I am currently a sophomore with a major in psychology (BA). My current GPA is a 2.47. Freshman year my grades were:
Intro to psychology-D; plan to retake next semester
Intro to Chem-C; retook and received a B- (I need at least a B to remain pre med so I would have to talk to my dean and asked to be allowed to take the course an additional time)

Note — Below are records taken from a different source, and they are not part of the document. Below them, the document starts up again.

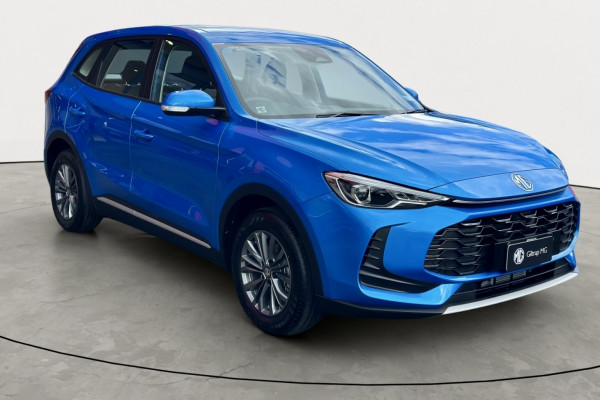 2025 MG ZS NG ZS CVT 1.5L EXCITE SUV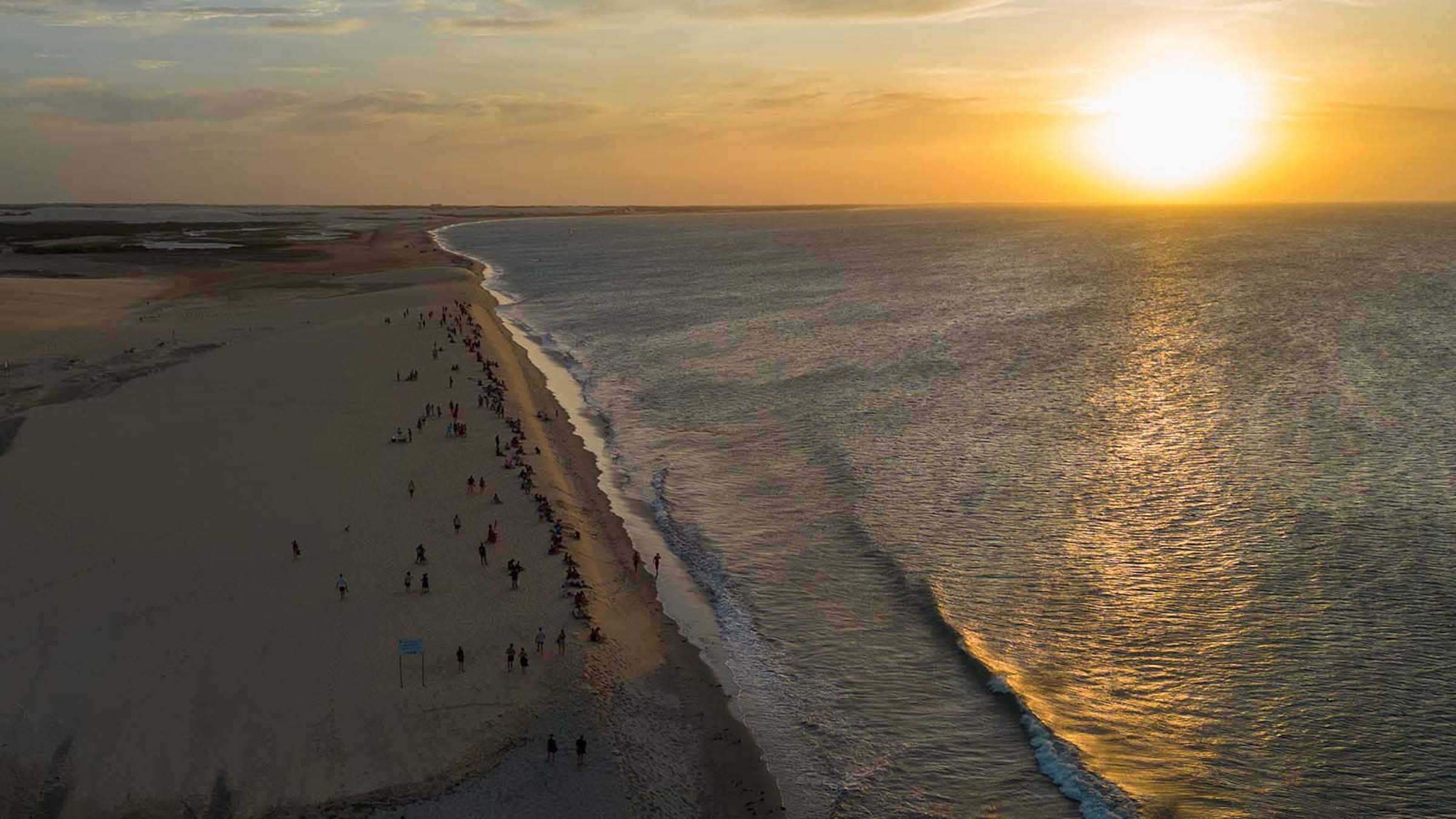 As melhores épocas para visitar Jericoacoara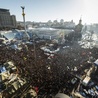 Kijów: W milicję reportażem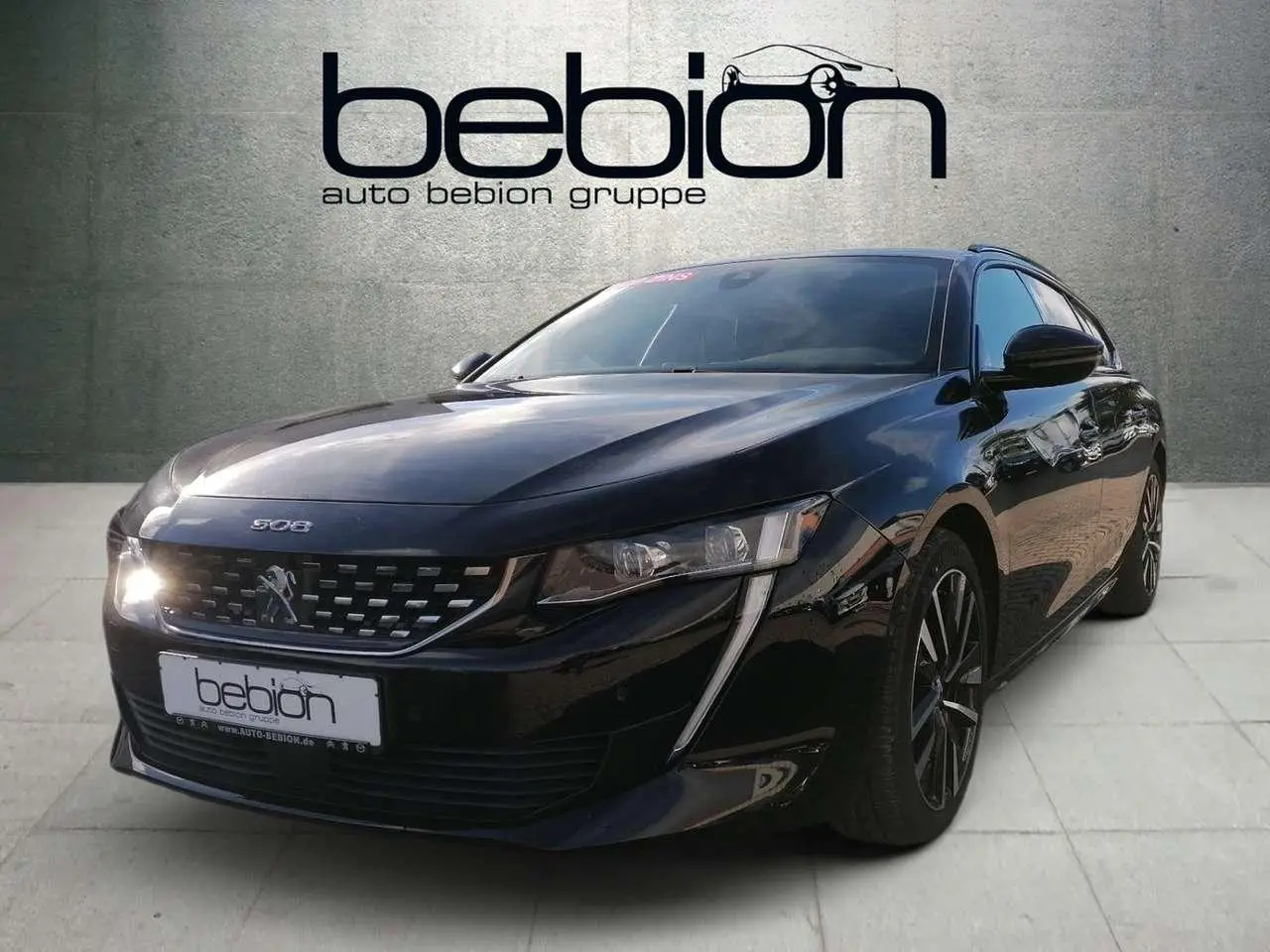 Photo 1 : Peugeot 508 2021 Petrol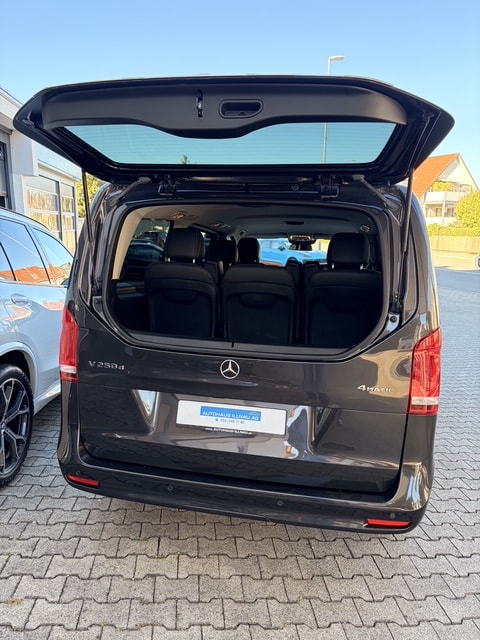 MERCEDES-BENZ V 250 d lang 4Matic 9G-Tronic-image-8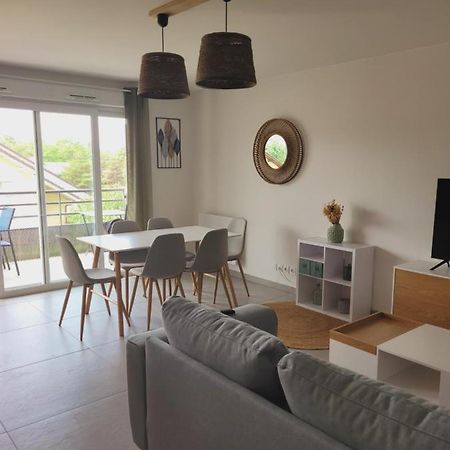 Appartement Amphion Proche De La Plage Eksteriør bilde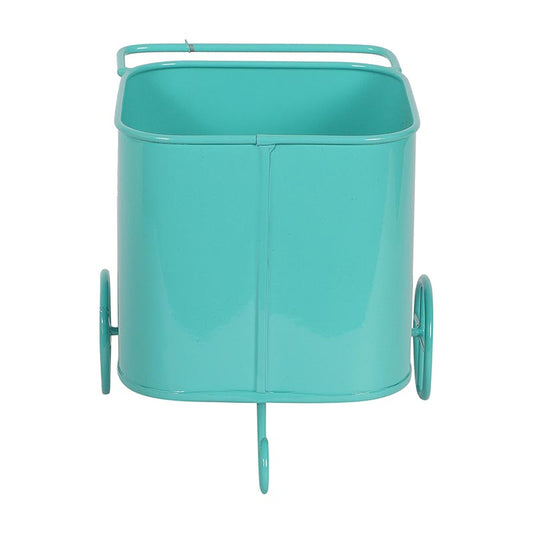 Sqaure Green Snacks Platter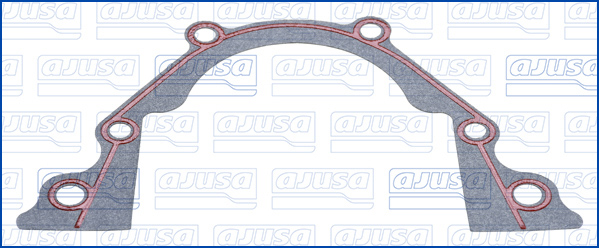 Pakking, distributiecarterdeksel Ajusa 02009900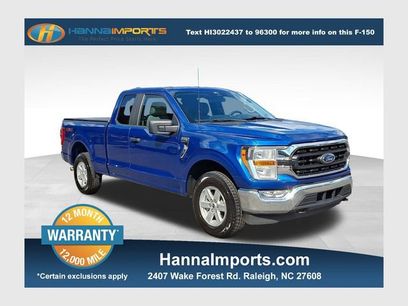 Used 2022 Ford F150 XLT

Pre Cal-C; retook and received a D-, retaking again this semester
English-B
Spanish-B
Theatre Appreciation-B
Greek Mythology-B
Yes, I know, this looks AWFUL. My transition into college was the hardest thing I have ever endured in my entire life. I was very sheltered growing up and had never really been away from home before. I had horrible roommates, an eating disorder, depression, anxiety, and numerous issues going on back home (mother diagnosed with cancerous tumor in spine and breast, grandmother dying, grandparents divorcing, etc.) And here I am sophomore year, realizing my passion for medicine and ready to take a deep breath and do what I need to do and strive for excellence…but I know that it may be too late and that terrifies me. I know I should’ve asked for help and guidance while I was drowning, but I was too proud and embarrassed to admit I was in trouble so I tried (and failed at) the “fake it 'till you make it” approach. What if I retook that intro to Chem class to get the B and continue on the pre med track, took classes over the summer, did well in my courses from here on out, stayed in college an extra year to catch up and perfect my GPA, attended a post bacc. program, got involved in pre med societies on campus, completed volunteer work and shadowing, and made a good MCAT score? Would that give me any chance at all? I know I messed up bad, probably worse than any one else in all of existence. Lol. But I know that I’m smart and that I can handle this. Forgive me if you’re not religious, but I feel like God had to pull me into this hole in order for me to realize my passion and learn to work hard so that I could pull myself out, and I am ready to do that! I would like to know if my plan sounds promising, or if I really should give up my dream of medical school all together. All comments and advice are greatly appreciated.